**What you have to do**
Somewhere below are a line with "Excavator isolated on" and a later line with "Vintage Aurora Tjet". Output exactly those lines and all lines between them.

**Dataset entries**
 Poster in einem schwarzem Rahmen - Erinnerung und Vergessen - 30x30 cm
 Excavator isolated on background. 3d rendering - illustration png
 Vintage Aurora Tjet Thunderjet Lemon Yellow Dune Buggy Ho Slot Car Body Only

--

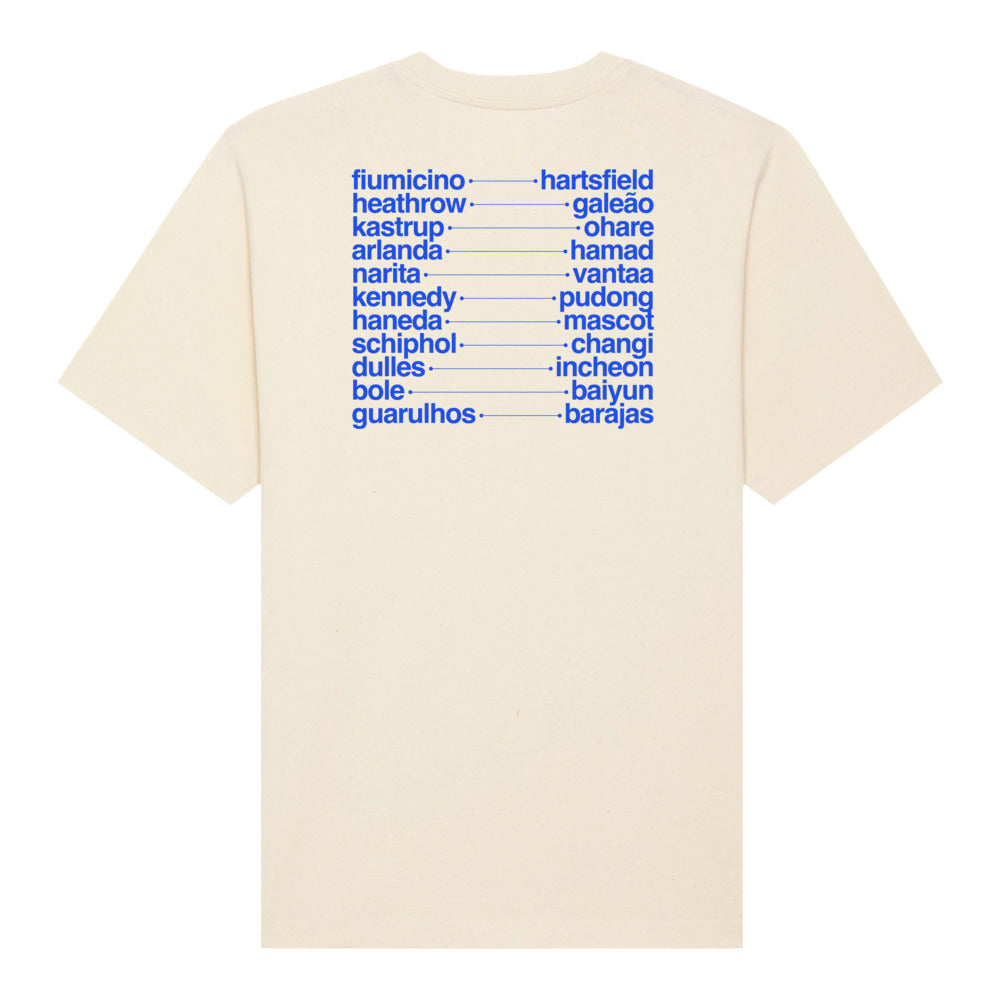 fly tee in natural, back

**Exercise answer**
 Excavator isolated on background. 3d rendering - illustration png
 Vintage Aurora Tjet Thunderjet Lemon Yellow Dune Buggy Ho Slot Car Body Only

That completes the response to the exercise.